2) La categoria ha a sua disposizione, per qualsiasi verifica, il miglior data-base possibile: l’elenco degli iscritti all’Ordine, professionisti o pubblicisti. Perché sono tutti compresi in queste liste (quasi 120 mila nomi in Italia) coloro che – in presenza di attività di tipo giornalistico, com’è quella degli uffici stampa – devono per legge essere iscritti all’Inpgi (dove invece – tra Inpgi/1 e Gestione Separata – ne risultano poco meno di 50 mila).
I RISULTATI – Da un controllo incrociato fra gli elenchi di Ordine e Inpgi sono emersi i nomi di quasi duemila colleghi piemontesi del tutto sconosciuti alla previdenza di categoria. Una seconda verifica, con ricerche sui siti web, ha prodotto una lista di circa 300 addetti stampa mai iscritti all’Inpgi. Tutti sono stati raggiunti con lettere ed e.mail che ricordavano le norme sulla previdenza di categoria, con allegate le circolari Inpgi-Inpdap-Inps sui metodi di regolarizzazione.
Ovviamente, la prima ricerca non mirata ha fatto emergere in prevalenza una massa di pubblicisti dediti ad attività autonoma che, quasi sempre per ignoranza delle norme, non si erano mai iscritti alla Gestione Separata. La verifica sugli uffici stampa ha, invece, messo in evidenza, finora, i nomi di oltre cento colleghi – quasi tutti pubblicisti, e qualche professionista – dipendenti di aziende e società pubbliche e private, le cui posizioni (con arretrati contributivi spesso retrodatabili al 2001) non sono mai state trasferite all’Inpgi. I restanti nominativi non risultano, invece, iscritti all’Ordine, oppure svolgono l’attività in modo autonomo, ed hanno contribuzioni corrette.
OLTRE 100 NOMI – Per un’ulteriore scrematura mi sono servito anche dell’ultimo numero di Uomini-Comunicazione, edito da “Prima” nel dicembre 2015 (costa solo 25 euro, più 5 di spedizione). Uno strumento a suo tempo suggerito da Pierluigi Franz, che raggruppa, però, l’80 per cento delle 15 mila segnalazioni su Milano e Roma e mescola uffici stampa, uomini p.r. e addetti pubblicità e marketing, senza purtroppo indicare se giornalisti oppure no.

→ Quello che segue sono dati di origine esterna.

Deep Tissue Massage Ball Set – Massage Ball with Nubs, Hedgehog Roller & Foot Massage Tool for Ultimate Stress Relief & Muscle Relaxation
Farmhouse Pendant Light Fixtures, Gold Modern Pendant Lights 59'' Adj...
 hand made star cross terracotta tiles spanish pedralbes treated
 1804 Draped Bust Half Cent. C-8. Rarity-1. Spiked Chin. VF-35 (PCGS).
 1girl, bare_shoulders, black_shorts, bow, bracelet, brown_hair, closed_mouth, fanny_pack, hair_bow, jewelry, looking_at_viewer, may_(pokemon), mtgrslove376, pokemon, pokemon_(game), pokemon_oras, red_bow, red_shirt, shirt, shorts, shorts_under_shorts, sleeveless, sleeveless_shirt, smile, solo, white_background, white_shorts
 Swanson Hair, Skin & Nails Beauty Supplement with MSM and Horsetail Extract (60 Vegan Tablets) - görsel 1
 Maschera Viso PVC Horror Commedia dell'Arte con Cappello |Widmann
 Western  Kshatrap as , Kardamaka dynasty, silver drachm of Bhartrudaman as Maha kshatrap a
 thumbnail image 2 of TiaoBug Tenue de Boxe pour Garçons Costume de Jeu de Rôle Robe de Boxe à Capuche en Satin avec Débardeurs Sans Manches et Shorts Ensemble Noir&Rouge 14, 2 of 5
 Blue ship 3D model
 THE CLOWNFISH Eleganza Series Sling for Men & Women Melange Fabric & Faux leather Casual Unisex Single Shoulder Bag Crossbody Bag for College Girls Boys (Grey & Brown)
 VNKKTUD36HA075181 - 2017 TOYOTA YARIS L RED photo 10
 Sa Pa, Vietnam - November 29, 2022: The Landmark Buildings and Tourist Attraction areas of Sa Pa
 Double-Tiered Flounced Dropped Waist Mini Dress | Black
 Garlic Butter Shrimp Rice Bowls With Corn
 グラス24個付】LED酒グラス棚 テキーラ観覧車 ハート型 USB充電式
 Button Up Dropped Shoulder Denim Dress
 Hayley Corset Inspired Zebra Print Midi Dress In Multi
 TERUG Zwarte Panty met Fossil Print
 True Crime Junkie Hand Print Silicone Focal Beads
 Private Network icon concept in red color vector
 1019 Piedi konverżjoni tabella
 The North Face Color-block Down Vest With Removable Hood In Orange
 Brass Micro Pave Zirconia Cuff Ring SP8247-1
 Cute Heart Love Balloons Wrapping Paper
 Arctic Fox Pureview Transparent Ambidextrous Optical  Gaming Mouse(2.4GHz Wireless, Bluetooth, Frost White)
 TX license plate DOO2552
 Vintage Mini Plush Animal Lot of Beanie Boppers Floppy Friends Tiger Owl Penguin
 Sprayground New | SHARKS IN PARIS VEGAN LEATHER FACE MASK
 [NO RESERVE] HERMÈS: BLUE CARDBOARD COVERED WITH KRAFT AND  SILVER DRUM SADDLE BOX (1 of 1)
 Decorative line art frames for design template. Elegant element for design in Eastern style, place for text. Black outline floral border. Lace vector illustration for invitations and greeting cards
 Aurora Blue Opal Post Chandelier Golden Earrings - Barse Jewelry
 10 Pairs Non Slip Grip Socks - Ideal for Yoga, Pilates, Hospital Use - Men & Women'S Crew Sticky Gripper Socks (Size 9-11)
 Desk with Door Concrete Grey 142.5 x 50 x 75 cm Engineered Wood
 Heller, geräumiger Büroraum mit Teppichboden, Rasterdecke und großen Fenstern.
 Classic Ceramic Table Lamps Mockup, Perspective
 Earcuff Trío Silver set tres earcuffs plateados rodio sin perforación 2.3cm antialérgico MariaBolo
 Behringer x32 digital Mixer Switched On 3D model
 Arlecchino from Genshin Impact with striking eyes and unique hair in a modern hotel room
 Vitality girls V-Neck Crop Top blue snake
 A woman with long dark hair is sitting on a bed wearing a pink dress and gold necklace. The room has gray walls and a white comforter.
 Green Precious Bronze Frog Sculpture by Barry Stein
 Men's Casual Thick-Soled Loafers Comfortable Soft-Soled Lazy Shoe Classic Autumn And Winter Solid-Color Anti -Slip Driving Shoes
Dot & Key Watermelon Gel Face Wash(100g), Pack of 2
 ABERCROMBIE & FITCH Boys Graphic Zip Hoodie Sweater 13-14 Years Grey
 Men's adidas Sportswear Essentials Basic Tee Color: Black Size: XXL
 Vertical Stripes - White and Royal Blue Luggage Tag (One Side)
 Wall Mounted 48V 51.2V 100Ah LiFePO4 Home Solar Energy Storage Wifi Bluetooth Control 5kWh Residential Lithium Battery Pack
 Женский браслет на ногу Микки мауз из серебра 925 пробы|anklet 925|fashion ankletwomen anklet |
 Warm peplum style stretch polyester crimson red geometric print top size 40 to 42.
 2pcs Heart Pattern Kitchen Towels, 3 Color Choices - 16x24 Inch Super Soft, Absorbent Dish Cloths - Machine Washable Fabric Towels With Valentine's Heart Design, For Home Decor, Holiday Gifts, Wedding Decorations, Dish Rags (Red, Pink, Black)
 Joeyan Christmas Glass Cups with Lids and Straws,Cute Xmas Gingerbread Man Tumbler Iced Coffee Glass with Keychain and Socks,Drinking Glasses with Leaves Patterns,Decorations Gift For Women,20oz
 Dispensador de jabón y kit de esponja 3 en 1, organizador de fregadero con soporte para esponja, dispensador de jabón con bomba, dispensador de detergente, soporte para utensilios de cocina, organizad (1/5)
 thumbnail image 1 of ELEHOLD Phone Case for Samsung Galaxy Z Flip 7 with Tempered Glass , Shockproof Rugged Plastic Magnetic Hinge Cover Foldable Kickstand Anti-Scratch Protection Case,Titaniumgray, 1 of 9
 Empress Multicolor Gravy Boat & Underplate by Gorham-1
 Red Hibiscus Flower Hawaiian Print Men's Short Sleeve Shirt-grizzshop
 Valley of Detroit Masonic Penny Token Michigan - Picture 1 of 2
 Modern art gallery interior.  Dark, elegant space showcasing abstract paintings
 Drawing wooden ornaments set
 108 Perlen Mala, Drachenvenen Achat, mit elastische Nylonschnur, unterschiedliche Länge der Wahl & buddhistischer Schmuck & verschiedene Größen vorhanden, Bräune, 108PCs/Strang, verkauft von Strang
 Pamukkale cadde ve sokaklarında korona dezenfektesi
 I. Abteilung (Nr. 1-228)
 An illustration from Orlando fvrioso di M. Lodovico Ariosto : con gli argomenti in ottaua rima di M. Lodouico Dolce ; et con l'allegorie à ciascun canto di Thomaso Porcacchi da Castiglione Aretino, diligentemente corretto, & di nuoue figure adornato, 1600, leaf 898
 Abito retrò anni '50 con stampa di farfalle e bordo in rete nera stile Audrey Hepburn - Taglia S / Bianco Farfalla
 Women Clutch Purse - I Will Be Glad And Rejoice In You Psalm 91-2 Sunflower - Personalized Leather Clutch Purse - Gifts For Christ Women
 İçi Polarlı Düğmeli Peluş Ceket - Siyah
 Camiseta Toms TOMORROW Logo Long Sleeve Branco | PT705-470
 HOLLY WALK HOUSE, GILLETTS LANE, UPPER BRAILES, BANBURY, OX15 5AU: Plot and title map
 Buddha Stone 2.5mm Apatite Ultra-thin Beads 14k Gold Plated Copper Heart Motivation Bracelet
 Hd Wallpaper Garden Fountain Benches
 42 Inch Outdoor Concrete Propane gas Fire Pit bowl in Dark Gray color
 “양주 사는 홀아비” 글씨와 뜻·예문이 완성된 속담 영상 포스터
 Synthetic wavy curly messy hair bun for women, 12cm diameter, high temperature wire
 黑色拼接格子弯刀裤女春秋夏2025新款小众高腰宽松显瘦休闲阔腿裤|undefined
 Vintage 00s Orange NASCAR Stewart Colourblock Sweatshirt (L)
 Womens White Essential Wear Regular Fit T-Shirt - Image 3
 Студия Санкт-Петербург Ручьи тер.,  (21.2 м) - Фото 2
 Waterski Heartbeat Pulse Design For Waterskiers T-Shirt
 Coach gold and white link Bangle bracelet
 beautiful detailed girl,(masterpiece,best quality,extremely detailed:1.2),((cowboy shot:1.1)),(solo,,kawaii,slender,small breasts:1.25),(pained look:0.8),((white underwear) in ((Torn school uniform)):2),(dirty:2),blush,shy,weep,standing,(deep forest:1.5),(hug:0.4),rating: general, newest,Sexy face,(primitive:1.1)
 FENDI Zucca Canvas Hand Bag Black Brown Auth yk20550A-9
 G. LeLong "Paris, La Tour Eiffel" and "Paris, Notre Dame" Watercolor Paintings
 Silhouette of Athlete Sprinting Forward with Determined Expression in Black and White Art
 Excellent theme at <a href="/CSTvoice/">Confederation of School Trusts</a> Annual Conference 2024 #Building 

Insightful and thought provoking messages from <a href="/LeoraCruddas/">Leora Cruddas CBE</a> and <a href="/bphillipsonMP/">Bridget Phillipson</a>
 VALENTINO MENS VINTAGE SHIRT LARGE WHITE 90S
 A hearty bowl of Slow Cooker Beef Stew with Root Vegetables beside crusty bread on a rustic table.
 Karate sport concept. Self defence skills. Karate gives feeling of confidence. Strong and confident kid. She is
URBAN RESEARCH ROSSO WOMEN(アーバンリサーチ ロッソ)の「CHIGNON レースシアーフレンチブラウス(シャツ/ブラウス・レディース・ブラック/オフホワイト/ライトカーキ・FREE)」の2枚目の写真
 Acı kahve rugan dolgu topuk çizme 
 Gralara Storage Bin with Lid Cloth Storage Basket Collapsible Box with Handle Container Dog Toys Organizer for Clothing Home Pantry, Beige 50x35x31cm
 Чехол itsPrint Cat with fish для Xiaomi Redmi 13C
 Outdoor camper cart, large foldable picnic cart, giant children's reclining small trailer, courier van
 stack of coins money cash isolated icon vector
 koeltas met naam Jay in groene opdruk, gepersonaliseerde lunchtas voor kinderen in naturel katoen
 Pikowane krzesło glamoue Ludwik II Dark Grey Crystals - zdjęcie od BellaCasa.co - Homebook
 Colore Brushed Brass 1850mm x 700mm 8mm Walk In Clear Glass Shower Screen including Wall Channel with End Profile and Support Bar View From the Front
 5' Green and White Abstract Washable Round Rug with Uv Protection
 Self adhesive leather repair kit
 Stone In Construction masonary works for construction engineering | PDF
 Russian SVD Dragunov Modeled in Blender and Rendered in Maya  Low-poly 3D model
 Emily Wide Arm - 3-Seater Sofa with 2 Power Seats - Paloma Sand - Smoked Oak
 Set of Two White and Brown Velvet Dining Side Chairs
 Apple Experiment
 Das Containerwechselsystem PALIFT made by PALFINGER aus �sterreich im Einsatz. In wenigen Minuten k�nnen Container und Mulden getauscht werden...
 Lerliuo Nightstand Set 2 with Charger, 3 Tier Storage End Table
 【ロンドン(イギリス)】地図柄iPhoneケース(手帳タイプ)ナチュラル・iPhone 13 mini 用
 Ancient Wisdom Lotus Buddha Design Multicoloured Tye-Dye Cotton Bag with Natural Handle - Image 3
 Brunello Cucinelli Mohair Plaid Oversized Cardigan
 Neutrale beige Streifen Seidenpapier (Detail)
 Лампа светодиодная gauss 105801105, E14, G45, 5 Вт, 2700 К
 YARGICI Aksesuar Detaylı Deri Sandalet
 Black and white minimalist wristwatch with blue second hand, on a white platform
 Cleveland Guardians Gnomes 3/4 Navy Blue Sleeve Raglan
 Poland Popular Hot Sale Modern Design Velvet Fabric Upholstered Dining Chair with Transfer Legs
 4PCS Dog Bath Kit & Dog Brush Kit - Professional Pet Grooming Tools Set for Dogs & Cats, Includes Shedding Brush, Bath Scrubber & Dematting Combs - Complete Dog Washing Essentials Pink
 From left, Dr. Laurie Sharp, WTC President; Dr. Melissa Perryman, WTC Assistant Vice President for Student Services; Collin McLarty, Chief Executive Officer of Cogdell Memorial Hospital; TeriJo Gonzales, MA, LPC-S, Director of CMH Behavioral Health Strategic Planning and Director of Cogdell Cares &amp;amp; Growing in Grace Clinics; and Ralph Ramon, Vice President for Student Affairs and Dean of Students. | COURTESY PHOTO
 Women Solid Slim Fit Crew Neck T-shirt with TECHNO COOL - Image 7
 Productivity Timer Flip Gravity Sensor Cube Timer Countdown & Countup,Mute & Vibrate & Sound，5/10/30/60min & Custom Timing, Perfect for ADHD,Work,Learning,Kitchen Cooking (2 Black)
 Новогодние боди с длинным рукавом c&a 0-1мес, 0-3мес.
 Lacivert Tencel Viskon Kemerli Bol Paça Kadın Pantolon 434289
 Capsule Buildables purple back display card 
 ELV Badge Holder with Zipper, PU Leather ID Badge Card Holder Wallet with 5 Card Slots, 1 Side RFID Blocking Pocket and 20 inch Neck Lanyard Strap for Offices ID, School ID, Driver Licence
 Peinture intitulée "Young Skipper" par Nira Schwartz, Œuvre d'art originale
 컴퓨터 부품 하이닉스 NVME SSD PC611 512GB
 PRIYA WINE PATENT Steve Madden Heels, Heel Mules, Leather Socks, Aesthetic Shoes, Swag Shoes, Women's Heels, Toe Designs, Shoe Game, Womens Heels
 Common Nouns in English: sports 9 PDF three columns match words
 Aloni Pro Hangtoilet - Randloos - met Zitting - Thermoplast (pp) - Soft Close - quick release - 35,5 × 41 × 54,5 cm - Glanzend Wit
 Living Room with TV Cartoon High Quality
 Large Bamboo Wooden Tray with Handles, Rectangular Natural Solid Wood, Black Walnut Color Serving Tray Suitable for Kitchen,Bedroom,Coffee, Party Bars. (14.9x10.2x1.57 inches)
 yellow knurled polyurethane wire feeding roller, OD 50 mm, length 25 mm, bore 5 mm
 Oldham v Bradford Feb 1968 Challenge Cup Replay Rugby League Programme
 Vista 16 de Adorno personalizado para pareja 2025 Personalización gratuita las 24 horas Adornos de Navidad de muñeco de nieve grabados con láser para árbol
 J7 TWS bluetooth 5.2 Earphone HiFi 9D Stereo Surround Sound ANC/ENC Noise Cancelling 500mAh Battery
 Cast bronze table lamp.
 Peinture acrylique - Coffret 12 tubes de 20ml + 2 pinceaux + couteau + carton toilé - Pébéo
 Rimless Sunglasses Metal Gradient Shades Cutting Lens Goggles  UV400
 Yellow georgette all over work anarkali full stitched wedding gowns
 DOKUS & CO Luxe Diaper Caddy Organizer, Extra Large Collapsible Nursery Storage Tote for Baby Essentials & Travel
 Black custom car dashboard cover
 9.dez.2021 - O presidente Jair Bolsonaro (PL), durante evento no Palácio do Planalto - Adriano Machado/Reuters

Qualche esempio, per illustrare la vastità del fenomeno elusivo: nell’elenco di enti e società che non hanno iscritto – in tutto o in parte – i colleghi dei loro uffici stampa all’Inpgi compaiono l’80% delle Asl regionali, grandi teatri, poli museali e sezioni dei Beni Culturali, Università e Politecnico, numerosi Comuni, la Città metropolitana (ex Provincia), associazioni di categoria, cooperative, multinazionali dell’industria e dei servizi, aziende municipalizzate, club sportivi professionistici, Banche di dimensione europea, Fondazioni, Camere di commercio e Unioni industriali.
Al termine della prima verifica ho inviato all’Ufficio contributi e vigilanza la lista con un centinaio di posizioni, in buona parte, credo, acquisibili all’Inpgi. Alcune aziende si stanno muovendo in modo autonomo per mettersi in regola, per altre dovrà necessariamente intervenire l’Istituto. So che le risorse dell’Ufficio vigilanza non sono illimitate, e spero perciò che esista un metodo legale per sollecitare e mettere ufficialmente in mora chi si trova in errore. Sono certo che in tutta Italia sarebbe possibile recuperare alla previdenza di categoria almeno duemila colleghi, per migliaia di anni di contribuzioni arretrate e decine di milioni di euro. Vale la pena tentare.